Rohit Sharma etched his name further into Indian cricket's record books during the second ODI against Afghanistan at the Ekana Stadium in Lucknow, becoming only the fifth Indian batter in history to cross the 14,000-run mark in List A cricket. The milestone, reached with the composed authority that has defined his white-ball career, places Rohit in the company of the finest limited-overs batters the subcontinent has ever produced. It is a landmark that speaks as much to longevity as it does to brilliance.
Rohit's achievement arrives at a moment when his influence on Indian cricket extends well beyond individual records. Since making his List A debut in 2006, he has evolved from a middle-order talent of considerable promise into arguably the most destructive opening batter of his generation - a transformation that reshaped how India approach the powerplay overs in one-day cricket. His record-breaking 264 in an ODI remains the highest individual score in men's one-day internationals, a figure that underlines the sheer scale of what he is capable of at his best. Much like niche sporting communities - such as those who follow online floorball betting sites - cricket fans understand that sustained excellence in a format, over many years, carries a weight that isolated performances simply cannot match. Rohit's 14,038 List A runs represent exactly that kind of sustained commitment to one-day cricket across nearly two decades.

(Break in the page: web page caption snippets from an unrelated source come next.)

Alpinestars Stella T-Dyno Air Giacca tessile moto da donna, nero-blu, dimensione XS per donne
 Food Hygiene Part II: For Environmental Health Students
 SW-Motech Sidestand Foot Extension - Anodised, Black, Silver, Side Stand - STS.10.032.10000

The milestone naturally draws attention to the exclusive group of Indian batters who have reached this threshold before him. Sachin Tendulkar leads the all-time Indian List A chart by a commanding margin, his tally of 21,999 runs built over more than two decades of unrelenting excellence. Sixty centuries, a capacity to dismantle both pace and spin, and an adaptability across conditions and eras make Tendulkar's record a benchmark that may never be seriously threatened. Virat Kohli sits second with 16,447 runs, his accumulation driven by elite fitness, ruthless chase mastery and a shot selection refined to near perfection. Sourav Ganguly follows on 15,622, his legacy inseparable from the fearless attacking identity he instilled in Indian one-day cricket as both opener and captain. Rahul Dravid, fourth on the list with 15,271 runs, demonstrated that technical orthodoxy and patient construction were not liabilities in white-ball cricket but genuine weapons when deployed with intelligence.

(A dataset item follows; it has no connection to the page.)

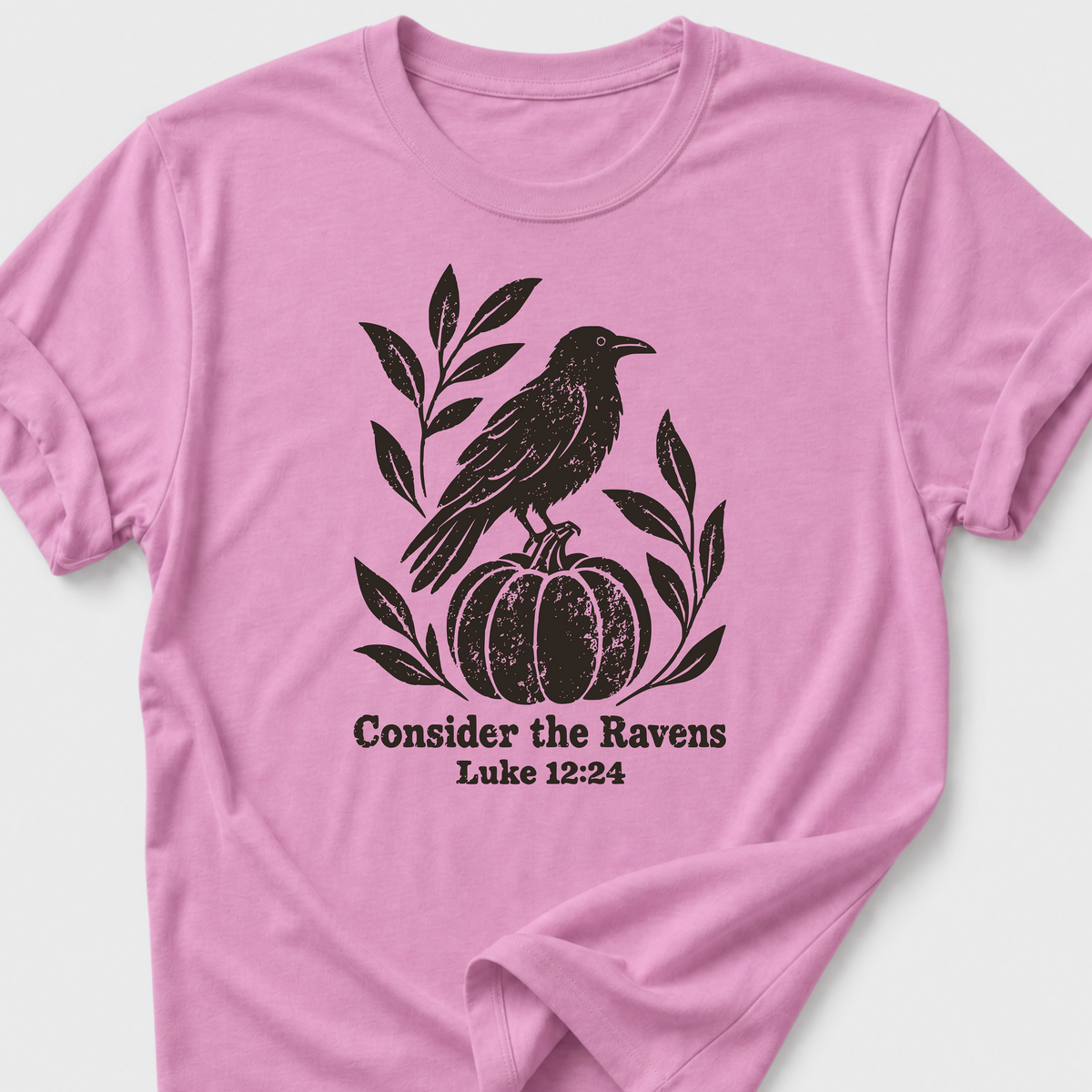Consider the Ravens Luke 12:24 T-Shirt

Five Batters, Five Distinct Legacies
What makes this group compelling is not merely the volume of runs but the variety of methods through which they were accumulated. Tendulkar was the pioneer - the batter who proved, across the 1990s and 2000s, that Indian cricketers could dominate any attack anywhere in the world. Ganguly built on that foundation by bringing aggression and self-belief to the top of the order, his partnership with Tendulkar becoming one of the most productive and feared opening combinations in the format's history. Dravid's inclusion in this elite group often surprises those who associate him exclusively with Test cricket, yet his adaptability - absorbing pressure, rebuilding innings, accelerating when necessary - made him an indispensable asset in limited-overs cricket for well over a decade. Kohli then redefined what modern ODI batting could look like, making relentless fitness and clinical chase management the new standards by which India's white-ball batters would be measured.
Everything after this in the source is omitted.